Еще Ермилову хотелось повидаться с Алексеем Максимовичем Горьким, с которым был коротко знаком по Капри, где некоторое время учился в рабочей школе. Горького он любил искренне, как любят первого учителя, но уверенность, что вокруг писателя, известного не только в России, но и во всем мире, наверняка ошивается много всякого народу, светиться перед которым совершенно не обязательно, удержала его от этого шага.
Глава 11
Утром 31 августа Горький встал как никогда поздно. В своем кабинете он попил чаю, велел никого из просителей не принимать и, преодолевая слабость, вызванную обострением чахотки, принялся – в какой уж раз! – перечитывать страницы рукописи повести… или романа? – он сам еще не решил… начатой давно, но подвигающейся вперед медленно и со скрипом.
Написанное ему не нравилось по многим причинам, и главная – оно не отвечало безобразной действительности, которую не могли предсказать лучшие умы российской интеллигенции. Да, Февральская революция 17-го года, встреченная им, Горьким, с восторгом, скинула закостеневшую и опошлившуюся монархию. Да, революция дала русскому народу долгожданную свободу. И что же? А то, что этой свободой воспользовался не народ, а темные силы, выплеснувшие на поверхность неуправляемую стихию, зараженную микробами ненависти как раз к тому слою российского общества, который представляет мозг и душу этого народа. К этому слою относил Максим Горький и самого себя.
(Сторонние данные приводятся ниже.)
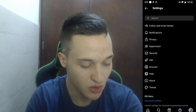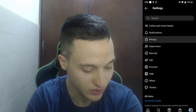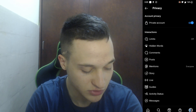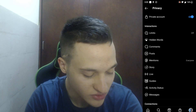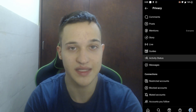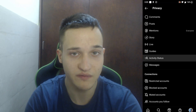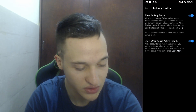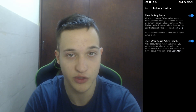So the next thing we want to do is click on the option called Privacy. You want to click on Privacy as this will enable us to change the privacy status of our account. So we want to scroll down a bit and find the option called Activity Status. This is the option where we will be able to change if we can see who is online.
В действительности все пошло не так, как виделось ему, когда он брался за тему зарождения и развития капитализма в стране, где душилась всякая инициатива энергичных и талантливых людей, а доброе дело поворачивалось к этим людям своей изнанкой, провонявшей навозом, зипунами и расшитыми золотом лакейскими ливреями.
Последовавший вслед за Февралем Октябрьский переворот, организованный большевиками, превратил плавное течение российской истории в гигантское половодье, разрушающее на своем пути все, что было создано минувшими поколениями. На этом фоне характеры и устремления героев будущей повести… – или романа? – казались мелкими, их поступки едва затрагивали глубинные процессы, происходившие и происходящие во всех слоях российского общества. А главное – они не отвечали на вопросы, почему именно в России произошло то, что произошло? Хотя в реальной действительности ответы на эти вопросы лежат на поверхности: российская интеллигенция оказалась неготовой к случившемуся, она разделилась на мелкие партии, группы и группки, неспособные понять друг друга, чтобы противостоять анархии.
Не осознав всего этого, невозможно написать… все-таки, пожалуй, роман, в котором зарождение капитализма в России потребует углубленных доказательств его неизбежности, его способности к постепенному сближению интересов всех социальных групп, избегая потрясений, взаимной ненависти и крови. В то же время необходимо показать и те подспудные течения, которые толкали часть общества в совершенно другом направлении, проявившиеся сегодня во всей своей жестокой силе…
Горький закурил очередную папиросу.
Настроение было – паршивее некуда. И не столько из-за повести, – ее-то можно переделать! – сколько по причине происходящего, на которое повлиять он не в силах.